REMINDER: WEAR RED ON PENTECOST
When I saw “Reminder: Wear Red on Pentecost” I smiled at the sentiment. Show our unity. Feel the fire, or as the poet Browning would have it, “the indubitable bliss of fire.” I smiled as I knew that I would be wearing black on Pentecost. I wear black most days. I’m comfortable with black. Red and Black are important to me, e.g., I am trying to keep the congregation out of the Red and in the Black, financially. I’m probably wrong if I assume that my sermons will lead to inspired giving. Sermons are curious entities oftentimes as useless as an appendix, an anomaly of evolution, but of sacred liturgy. A beleaguered parishioner often has to dig relentlessly to uncover the three theological gems that Lutheran pastors hide there as spiritual booby traps to elicit a sense of generous giving, of fidelity to quarterly statements and budgets. And Synod apportionment. Finding those gems is as difficult as showing enthusiasm for okra.
Sunday is not the best day for sermons. While I’m not sure of this, not having a complete understanding of ecclesiastical laws, it does seem as if the thinking demanded by sermons would violate Sabbath rest at about 11:20 a.m. I hasten to add that I violate the Sabbath every Sabbath by working while trying to keep the Sabbath holy. For this I am grievously repentant. I am convinced, however, that a proper sermon is proper stewardship! The evident purpose of a sermon is the financial health and well-being of the congregation, the art of generating income, which Lutherans are wont to deny. While it may seem insensitive to mention sermon and finance in the same sentence, I am palpably aware that Lutheran pastors are salaried servants, and that servanthood can go only so far without a fair amount of mammon.
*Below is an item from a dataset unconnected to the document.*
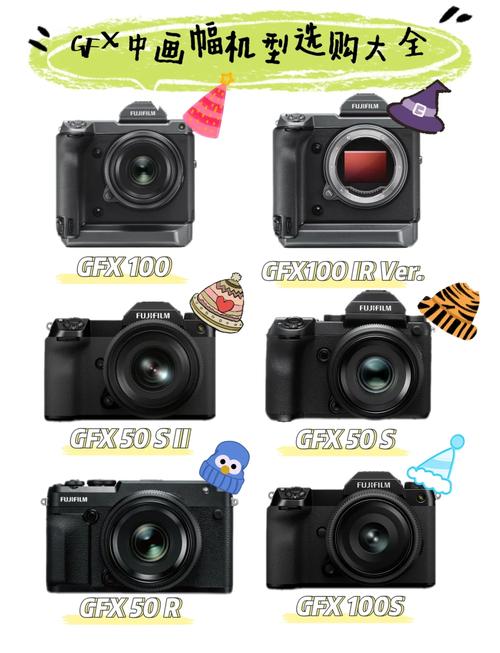 相机的画幅分为哪三个，相机的画幅分为哪三种-第4张图片-优品飞百科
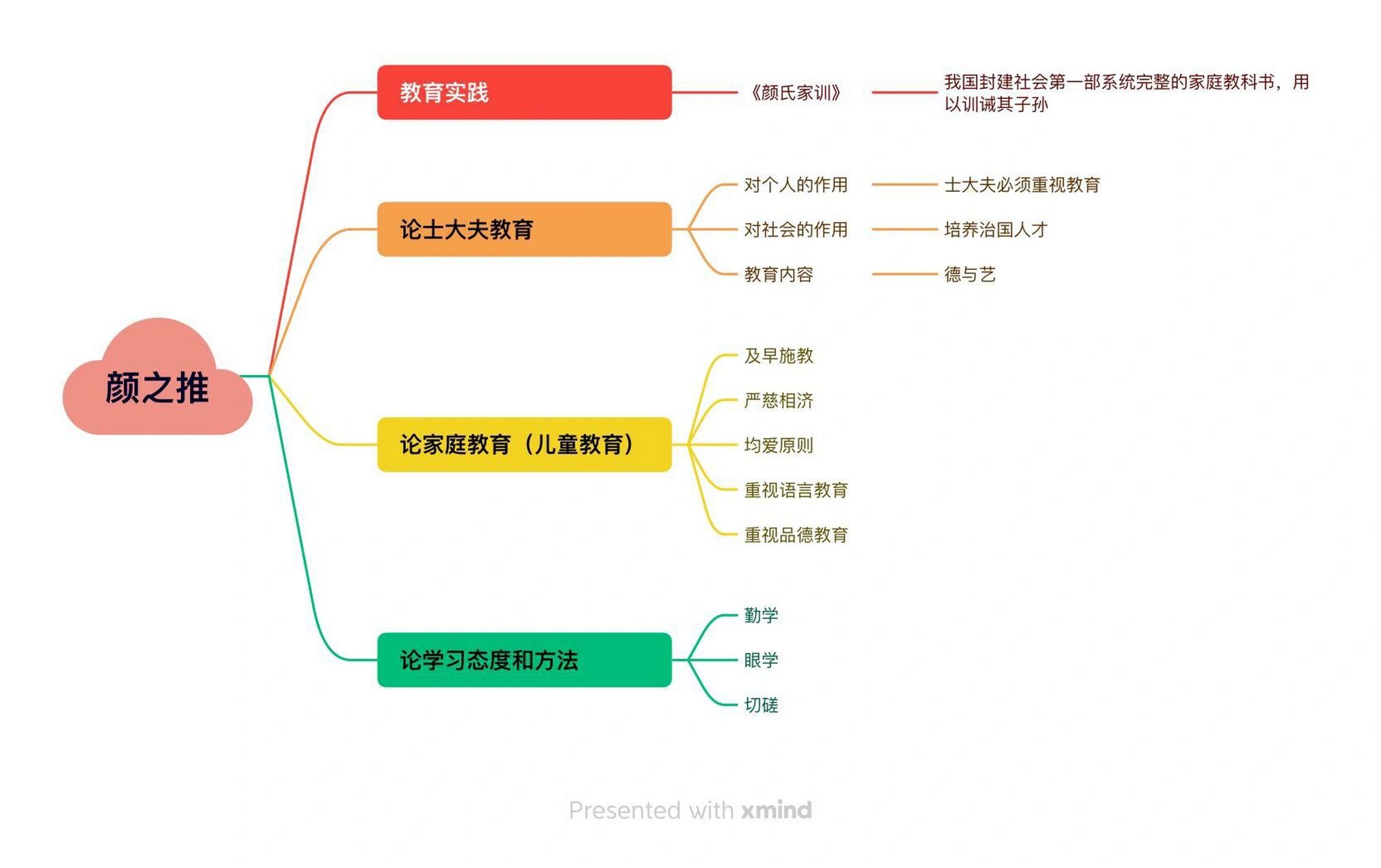 颜之推,韩愈,朱熹的思维导图来咯91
A good sermon, probably any sermon, is an economic device. It may best be presented in a business context where the mention of money does not result in embarrassment, awkwardness, or at the extreme, apocalyptic judgment. It has always seemed to me that the best time and place for a sermon is Wednesday afternoon at a quarter to three, in the relaxed ambience of a board-room, while anticipating tea. In such a context the sermon would not be an intrusion upon the quietness of mind. It would offer an alternative to negotiations characteristic of economic interests. Since the amount of income hoped to be derived would indeed be a mere paltry sum compared to the accustomed expectation of return on investments (ROI), a sermon would be tolerated with equanimity and an appropriate level of empathy. In other words, it could keep us in the Black and out of the Red.
Red and Black are important in another way. They remind me of diversity. Pentecost is a story of diversity, the Holy Spirit calling diverse people into spiritual unity. That’s what we are: ekklesia, ek-klesia, the church, people called apart and called together. “Red and Yellow, Black and White, all are precious in his sight.” To be called is to be precious, and precious is priceless but still within budget. It’s that stewardship thing again. The Pentecost story quotes the prophet Joel that the sun shall be darkened and the moon turned to blood. Black and Red again! The sun, the greater light, becomes other than itself, now absorbed in darkness. The moon, the lesser light, becomes other than itself, now covered in blood. Otherness is diversity seeking embrace.
The gospel message is that Pentecost is a transforming event. It changes us, it makes us into something other than we are. The Holy Spirit, “tongues as of fire” (Acts 2:3) is the new light of Christ. When that light falls upon us it leaves no room for shadows. “The darkness could not comprehend it,” (John 1:5), and “Darkness is not dark to thee.” (Psalm 139:12). The Holy Spirit, “tongues as of fire,” is also an enlightening Word and a flaming sword, guarding us as it continues to guard Eden, the place of origin and destiny. The Holy Spirit on that first day of Pentecost made us into something that we were not, the new place of origin and destiny, the Church. We are now the flaming sword. We are now the Word aflame. We are now the guardians of Eden, the guardians of origin and destiny. This is Stewardship!